Task requirements |
Output the data below exactly. Leave nothing out.

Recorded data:
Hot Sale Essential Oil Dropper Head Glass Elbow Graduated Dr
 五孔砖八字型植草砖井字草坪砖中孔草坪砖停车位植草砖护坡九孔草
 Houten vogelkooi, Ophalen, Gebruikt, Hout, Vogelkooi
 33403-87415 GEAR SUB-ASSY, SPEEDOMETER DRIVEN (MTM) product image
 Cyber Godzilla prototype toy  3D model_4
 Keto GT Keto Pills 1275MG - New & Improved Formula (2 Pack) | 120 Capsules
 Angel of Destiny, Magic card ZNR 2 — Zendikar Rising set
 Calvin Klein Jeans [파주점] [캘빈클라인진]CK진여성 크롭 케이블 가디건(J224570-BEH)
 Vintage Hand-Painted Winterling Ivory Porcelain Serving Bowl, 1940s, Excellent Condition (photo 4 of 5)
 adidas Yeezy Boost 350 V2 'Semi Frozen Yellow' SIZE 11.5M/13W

Written solution |
Hot Sale Essential Oil Dropper Head Glass Elbow Graduated Dr
 五孔砖八字型植草砖井字草坪砖中孔草坪砖停车位植草砖护坡九孔草
 Houten vogelkooi, Ophalen, Gebruikt, Hout, Vogelkooi
 33403-87415 GEAR SUB-ASSY, SPEEDOMETER DRIVEN (MTM) product image
 Cyber Godzilla prototype toy  3D model_4
 Keto GT Keto Pills 1275MG - New & Improved Formula (2 Pack) | 120 Capsules
 Angel of Destiny, Magic card ZNR 2 — Zendikar Rising set
 Calvin Klein Jeans [파주점] [캘빈클라인진]CK진여성 크롭 케이블 가디건(J224570-BEH)
 Vintage Hand-Painted Winterling Ivory Porcelain Serving Bowl, 1940s, Excellent Condition (photo 4 of 5)
 adidas Yeezy Boost 350 V2 'Semi Frozen Yellow' SIZE 11.5M/13W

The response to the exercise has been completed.